● ASSIGNMENT:
In your copy, include every line of the listing below exactly but none of the pictures.

══ RECORD EXCERPTS

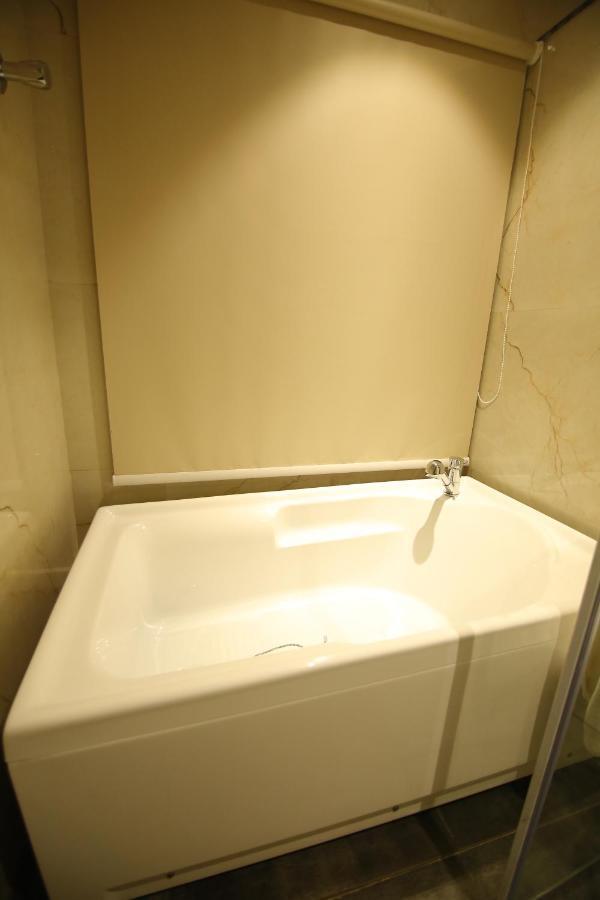 Sri Sri Sri Hotel Khammam Eksteriør billede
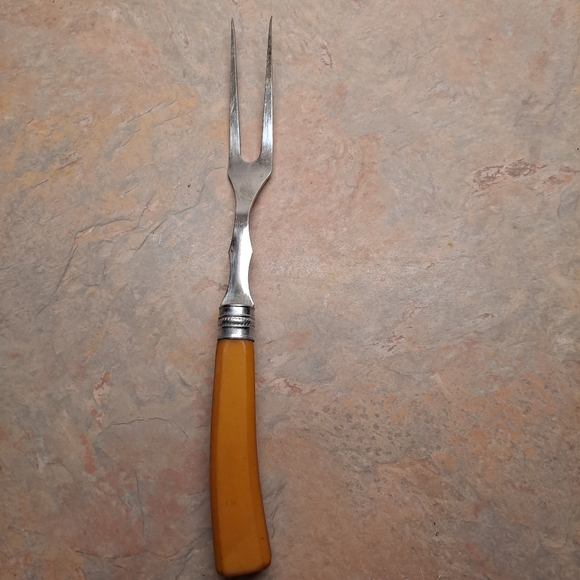 Carving Fork Butterscotch Bakelite Handle 10in c1950s Unsigned Vintage - Picture 9 of 9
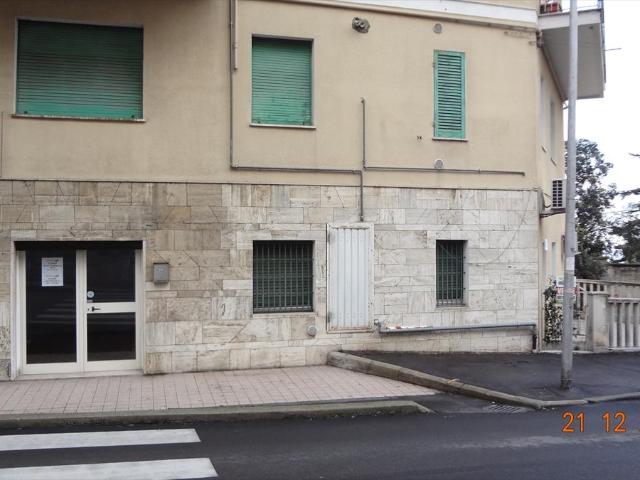 Locale commerciale in vendita a Chieti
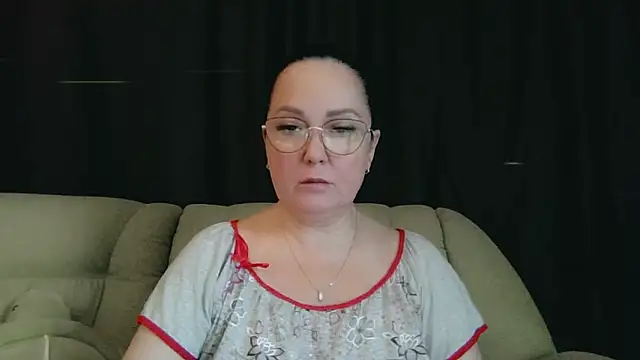Snapshot of infinity_loveliness chatting on June 20, 2026, 6:38 am infinity loveliness online show from June 20, 2026, 6:38 am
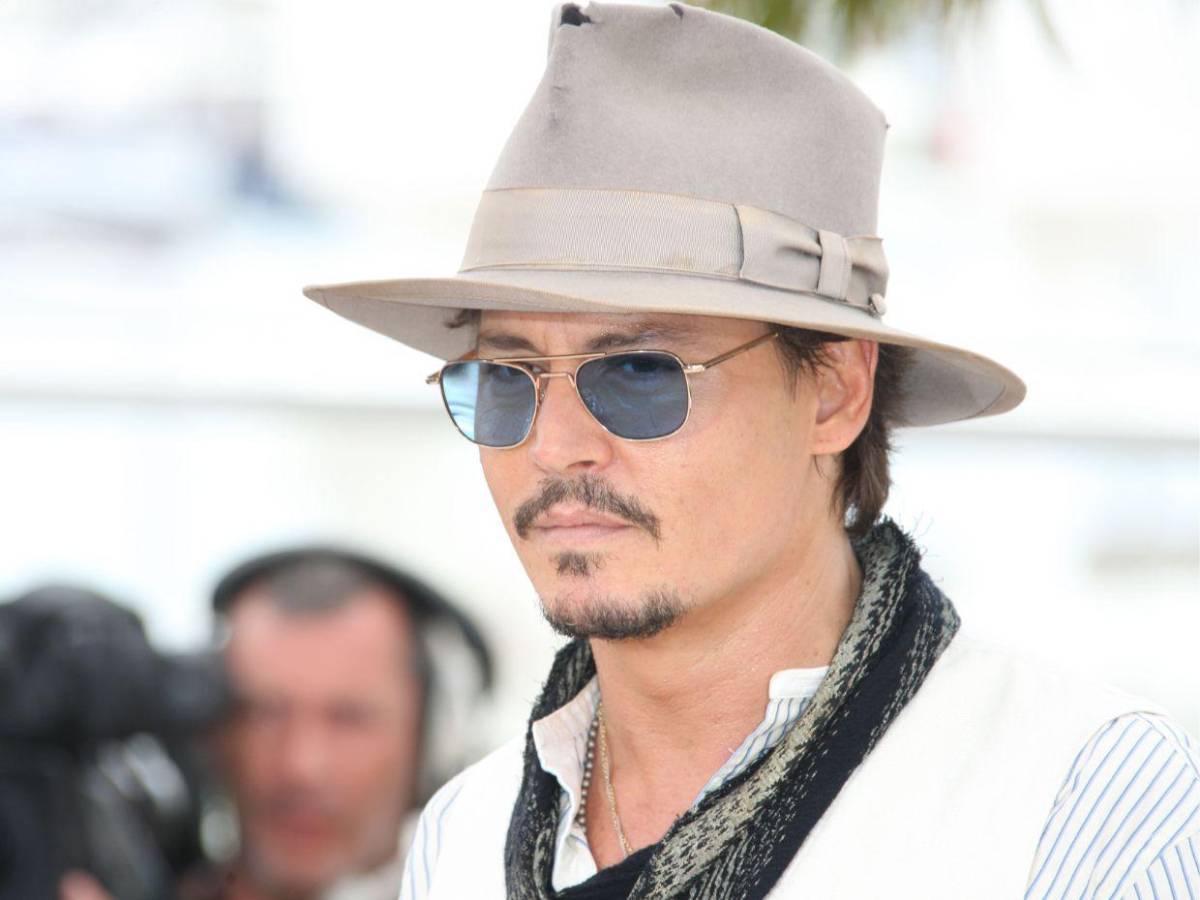 Johnny Depp revela detalles de su condición visual: “Estoy ciego como un murciélago”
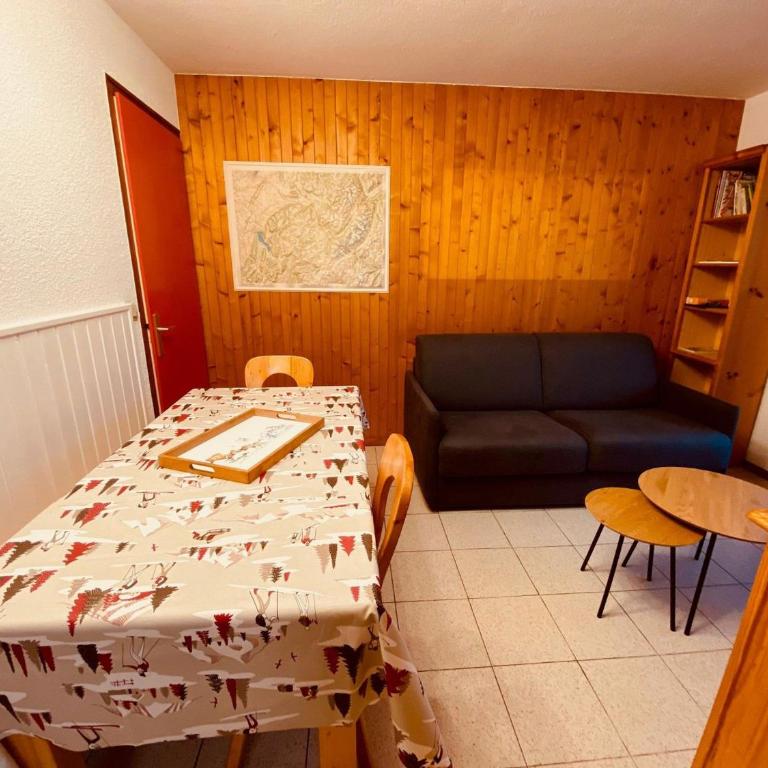 Appartement cosy avec terrasse, parking et vue montagne à La Clusaz - FR-1-459-220 - Apartment - 6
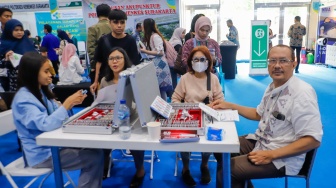 Pengunjung memeriksa mata saat pameran Hai Fest 2024 di JCC, Jakarta, Jumat (8/11/2024). [Suara.com/Alfian Winanto]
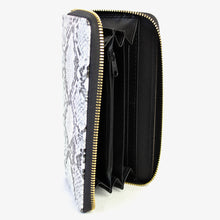 画像をギャラリービューアに読み込む, ヘビ柄ラウンドファスナー長財布 12602 NT レディース財布 メンズ財布 送料無料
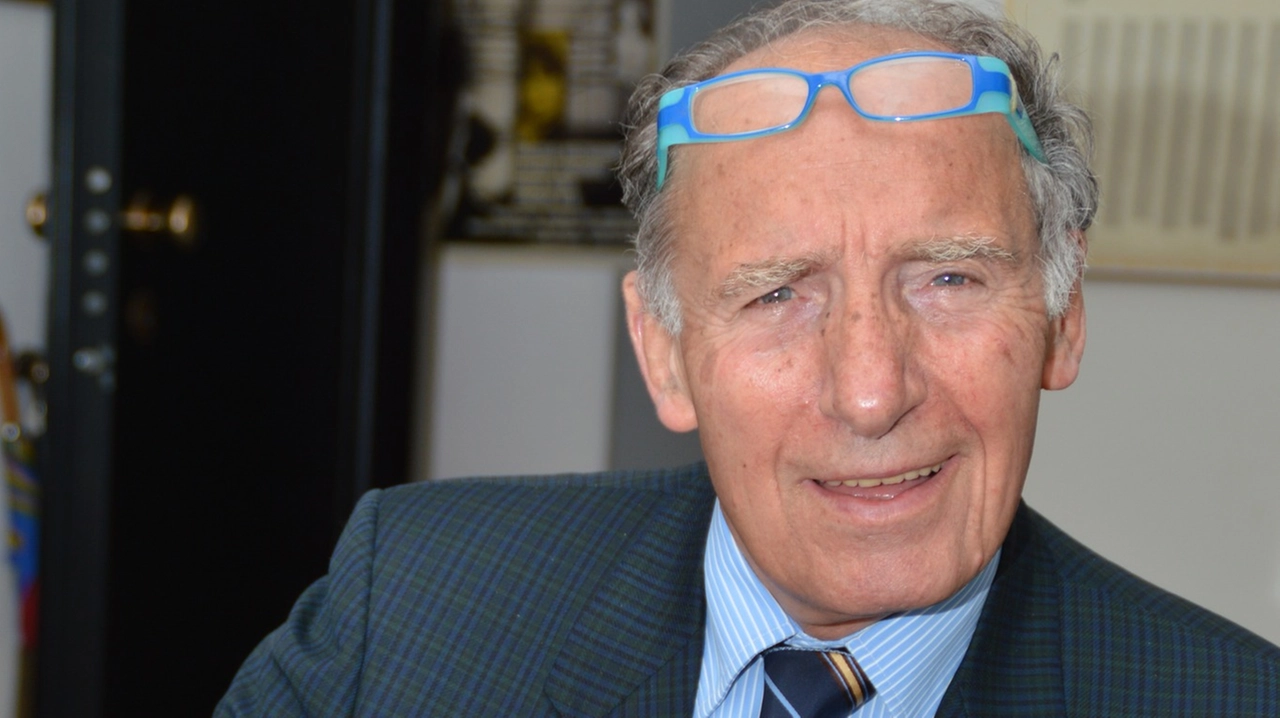Paolo Pillitteri, ex sindaco di Milano, si è spento a 84 anni (Foto facebook Stefano Pillitteri)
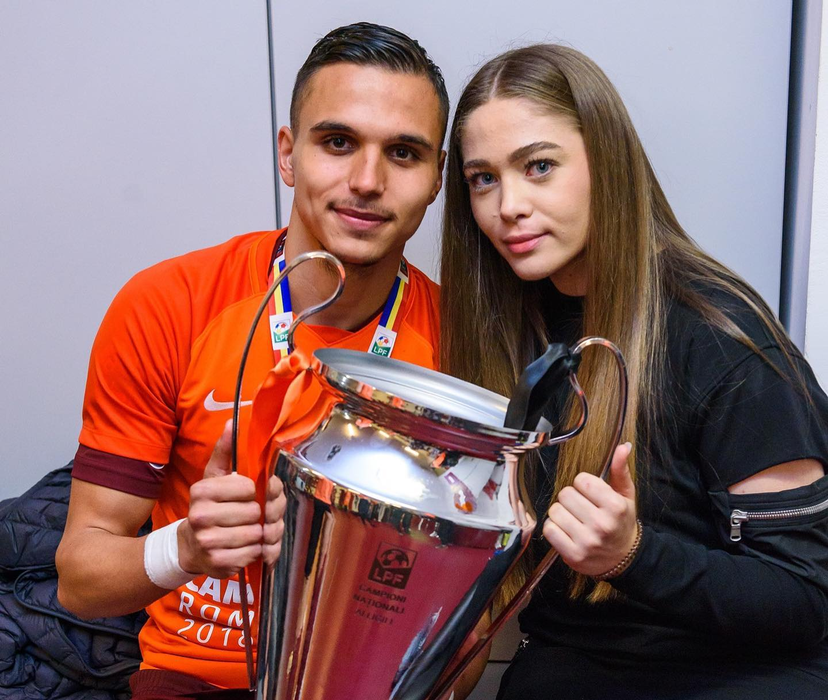 Iubita lui Cristi Manea, în tribune la meciul României U21 cu Germania. Cum arată Andreea la câteva zile după ce a fost bătută de un suporter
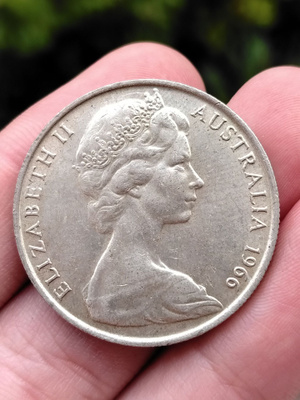 Australialainen 50 sentin hopeakolikko v. 1966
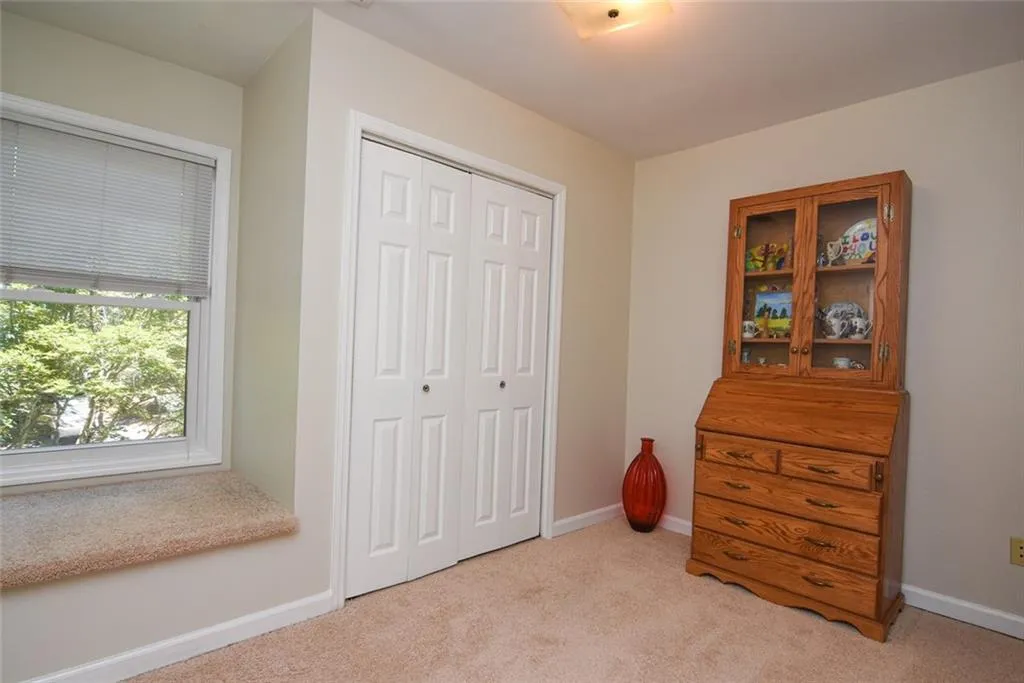 73 Forrest Place, Atlanta, Georgia 30328, 3 Bedrooms Bedrooms, ,2 BathroomsBathrooms,Residential,Sold,73 Forrest Place,6570076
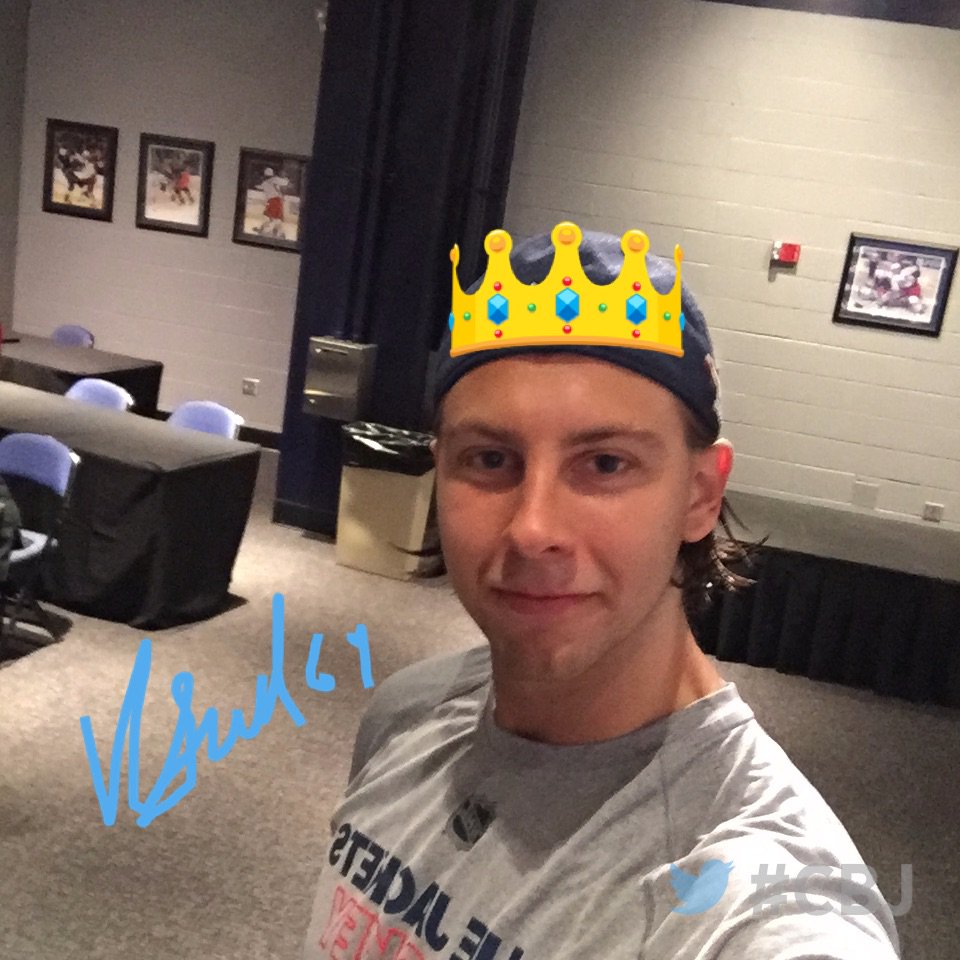 BlueJacketsNHL's tweet photo. Hey @StenlundKevin 👑😂! #CBJ https://t.co/foFuXYpDVK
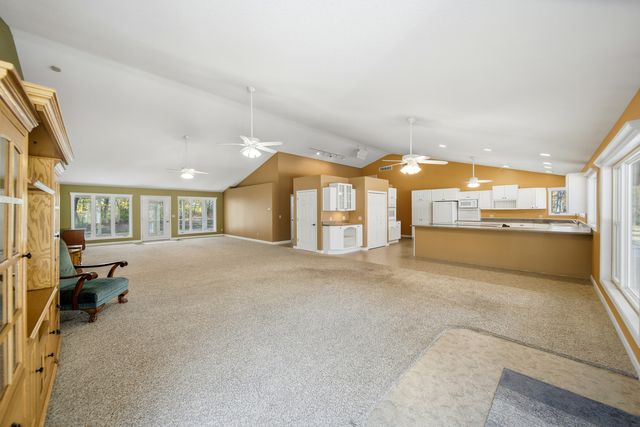 15207 Henry Road, Morrison, IL 61270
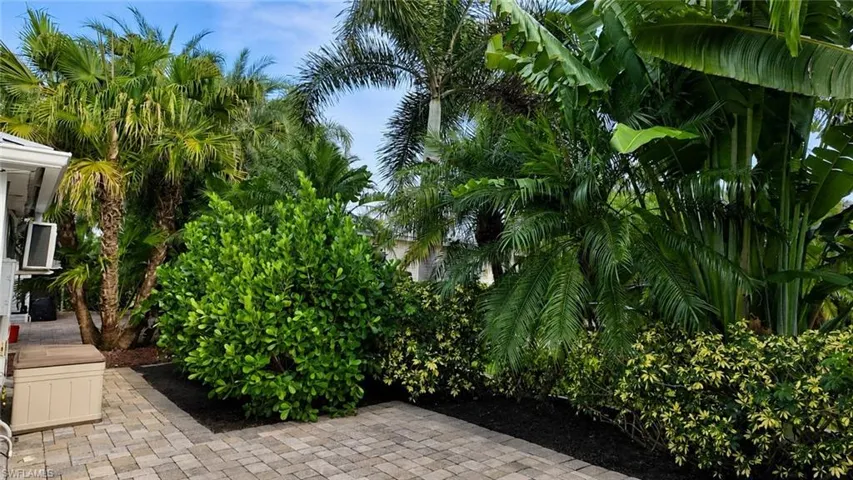 10080 Stonewood Dr, Fort Myers, Florida 33905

════

● EXERCISE ANSWER:
 Sri Sri Sri Hotel Khammam Eksteriør billede
 Carving Fork Butterscotch Bakelite Handle 10in c1950s Unsigned Vintage - Picture 9 of 9
 Locale commerciale in vendita a Chieti
Snapshot of infinity_loveliness chatting on June 20, 2026, 6:38 am infinity loveliness online show from June 20, 2026, 6:38 am
 Johnny Depp revela detalles de su condición visual: “Estoy ciego como un murciélago”
 Appartement cosy avec terrasse, parking et vue montagne à La Clusaz - FR-1-459-220 - Apartment - 6
 Pengunjung memeriksa mata saat pameran Hai Fest 2024 di JCC, Jakarta, Jumat (8/11/2024). [Suara.com/Alfian Winanto]
 画像をギャラリービューアに読み込む, ヘビ柄ラウンドファスナー長財布 12602 NT レディース財布 メンズ財布 送料無料
Paolo Pillitteri, ex sindaco di Milano, si è spento a 84 anni (Foto facebook Stefano Pillitteri)
 Iubita lui Cristi Manea, în tribune la meciul României U21 cu Germania. Cum arată Andreea la câteva zile după ce a fost bătută de un suporter
 Australialainen 50 sentin hopeakolikko v. 1966
 73 Forrest Place, Atlanta, Georgia 30328, 3 Bedrooms Bedrooms, ,2 BathroomsBathrooms,Residential,Sold,73 Forrest Place,6570076
 BlueJacketsNHL's tweet photo. Hey @StenlundKevin 👑😂! #CBJ https://t.co/foFuXYpDVK
 15207 Henry Road, Morrison, IL 61270
 10080 Stonewood Dr, Fort Myers, Florida 33905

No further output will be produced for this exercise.